Output the exact lines that start at the one containing "Multiple Cross64.ai Bumper Sticker (Front)" and continue to the last line of the entries below; do not output pictures.

-- AVAILABLE DATA follows --

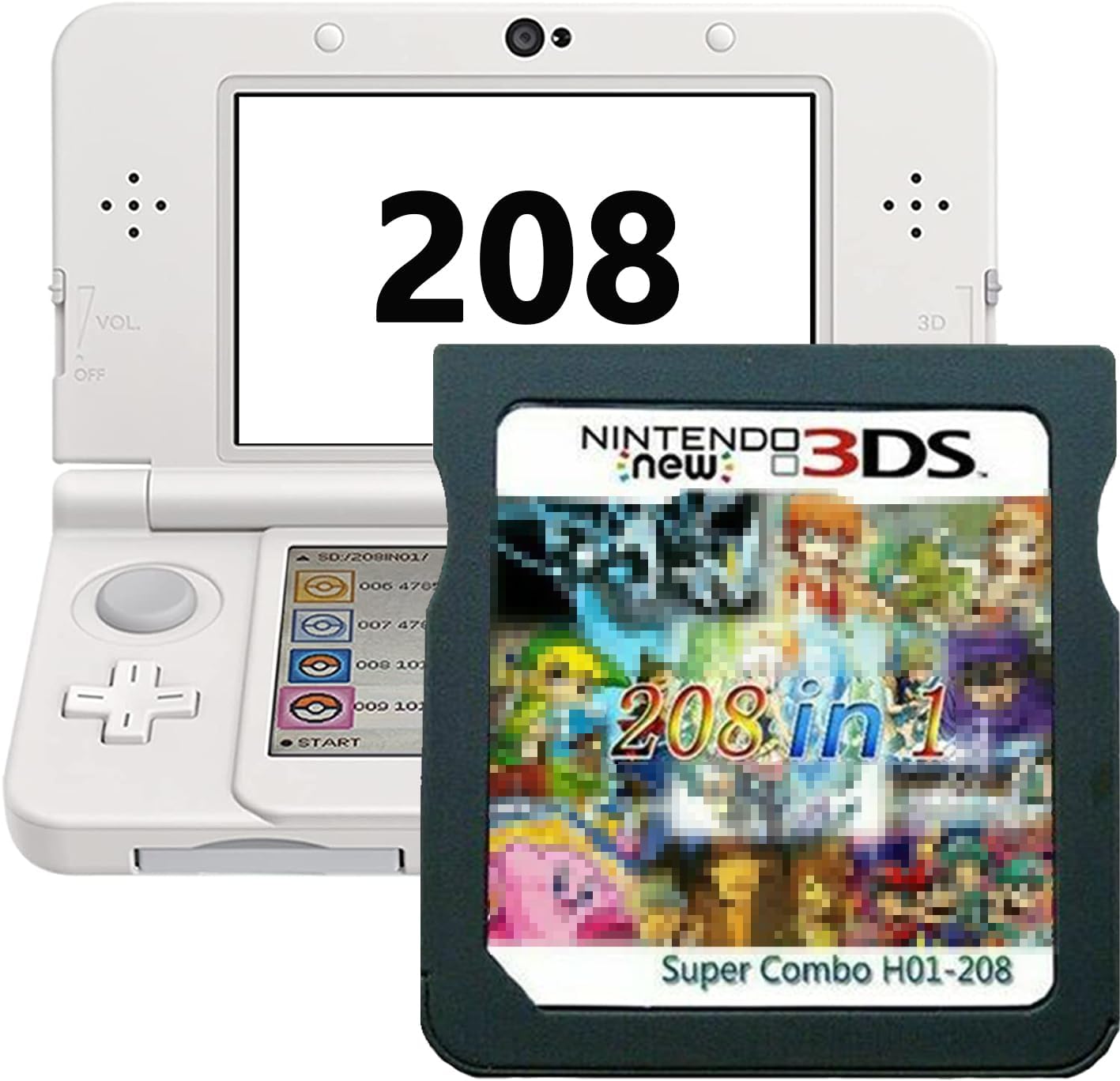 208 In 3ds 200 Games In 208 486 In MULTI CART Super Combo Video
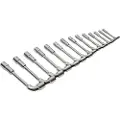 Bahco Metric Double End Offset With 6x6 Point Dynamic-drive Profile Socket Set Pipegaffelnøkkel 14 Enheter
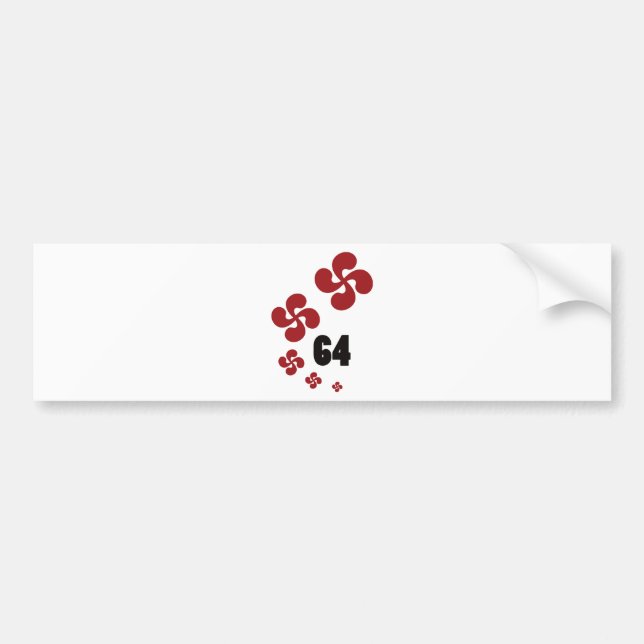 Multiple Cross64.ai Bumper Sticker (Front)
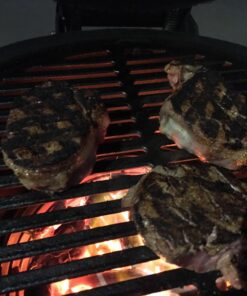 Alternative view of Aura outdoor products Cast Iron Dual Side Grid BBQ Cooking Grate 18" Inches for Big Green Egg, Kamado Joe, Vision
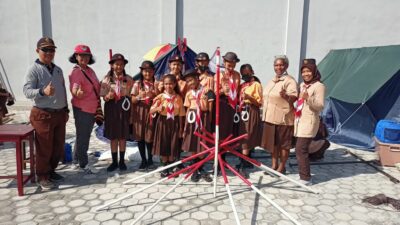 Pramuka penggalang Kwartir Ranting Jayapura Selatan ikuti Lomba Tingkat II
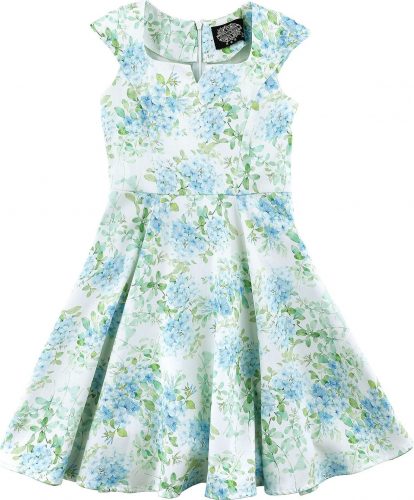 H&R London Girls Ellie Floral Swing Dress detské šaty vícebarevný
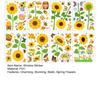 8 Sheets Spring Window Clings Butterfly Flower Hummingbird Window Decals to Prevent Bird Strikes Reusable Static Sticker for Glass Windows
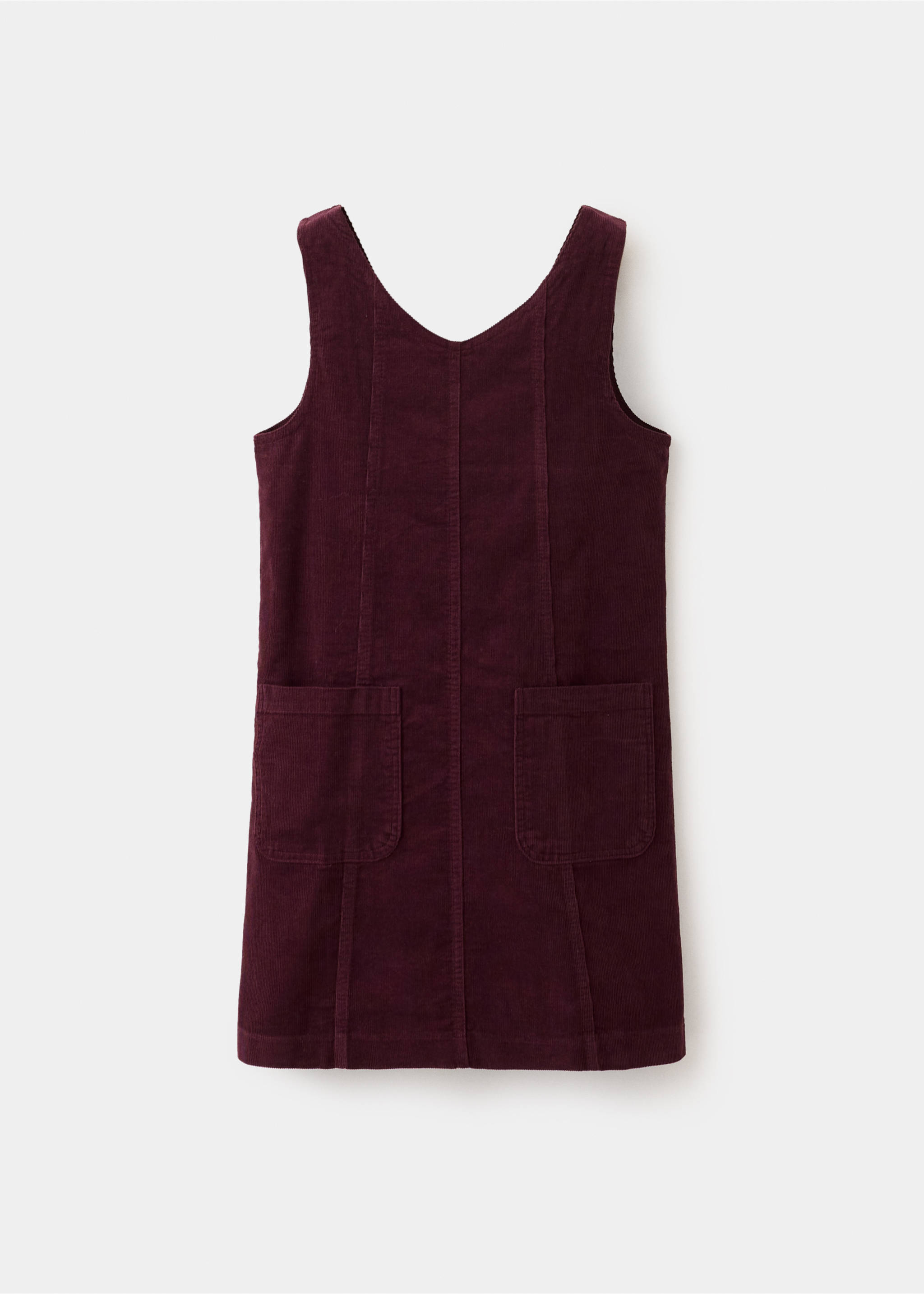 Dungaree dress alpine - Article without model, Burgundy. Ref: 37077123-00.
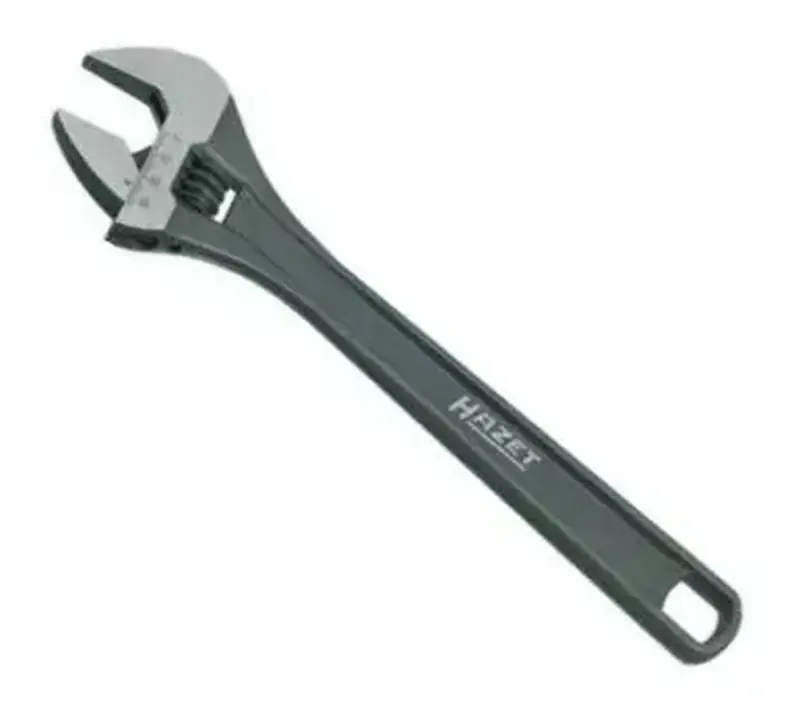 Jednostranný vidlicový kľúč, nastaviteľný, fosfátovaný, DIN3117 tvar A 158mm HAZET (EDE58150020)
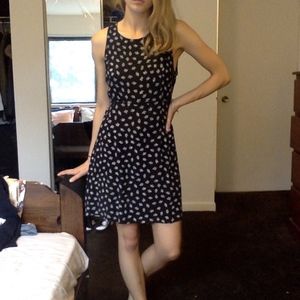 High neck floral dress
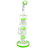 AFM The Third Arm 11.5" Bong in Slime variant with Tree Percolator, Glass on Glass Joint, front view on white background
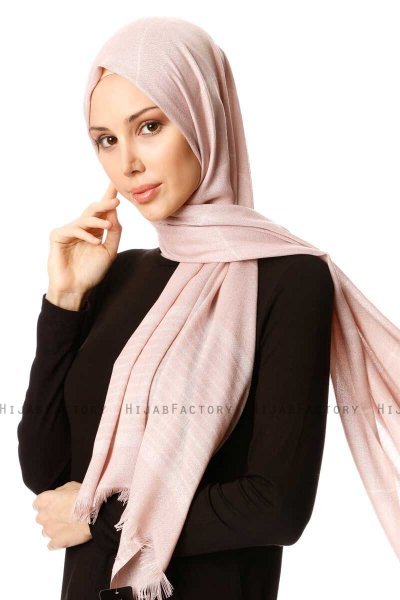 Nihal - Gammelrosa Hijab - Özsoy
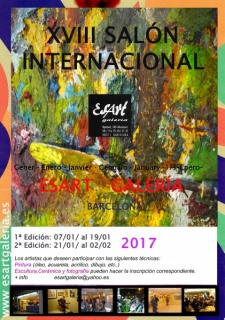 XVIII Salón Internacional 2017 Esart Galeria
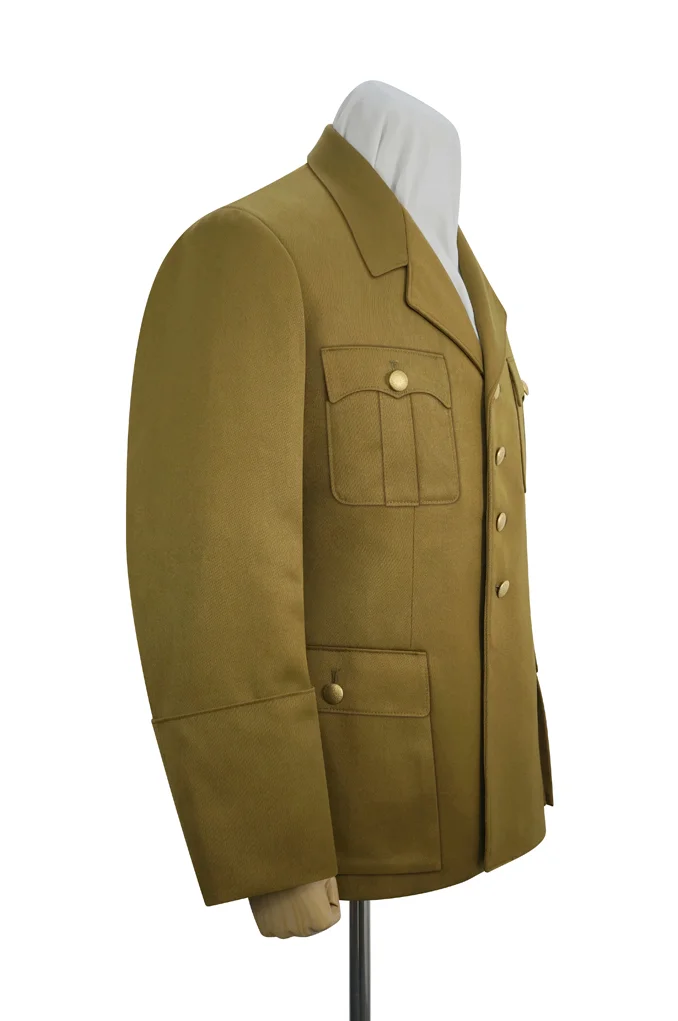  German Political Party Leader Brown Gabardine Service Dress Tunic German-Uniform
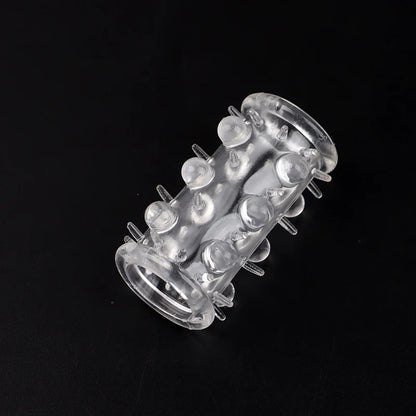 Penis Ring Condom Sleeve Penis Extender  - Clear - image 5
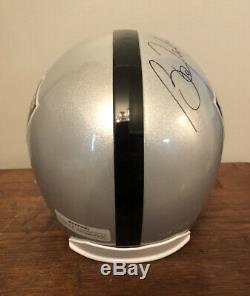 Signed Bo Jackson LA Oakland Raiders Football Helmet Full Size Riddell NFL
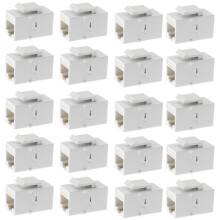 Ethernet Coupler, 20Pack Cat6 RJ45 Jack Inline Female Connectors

-- AVAILABLE DATA concluded --

SOLVED EXERCISE:
 Multiple Cross64.ai Bumper Sticker (Front)
 Alternative view of Aura outdoor products Cast Iron Dual Side Grid BBQ Cooking Grate 18" Inches for Big Green Egg, Kamado Joe, Vision
 Pramuka penggalang Kwartir Ranting Jayapura Selatan ikuti Lomba Tingkat II
 H&R London Girls Ellie Floral Swing Dress detské šaty vícebarevný
 8 Sheets Spring Window Clings Butterfly Flower Hummingbird Window Decals to Prevent Bird Strikes Reusable Static Sticker for Glass Windows
 Dungaree dress alpine - Article without model, Burgundy. Ref: 37077123-00.
 Jednostranný vidlicový kľúč, nastaviteľný, fosfátovaný, DIN3117 tvar A 158mm HAZET (EDE58150020)
 High neck floral dress
 AFM The Third Arm 11.5" Bong in Slime variant with Tree Percolator, Glass on Glass Joint, front view on white background
 Nihal - Gammelrosa Hijab - Özsoy
 XVIII Salón Internacional 2017 Esart Galeria
  German Political Party Leader Brown Gabardine Service Dress Tunic German-Uniform
 Penis Ring Condom Sleeve Penis Extender  - Clear - image 5
 Signed Bo Jackson LA Oakland Raiders Football Helmet Full Size Riddell NFL
 Ethernet Coupler, 20Pack Cat6 RJ45 Jack Inline Female Connectors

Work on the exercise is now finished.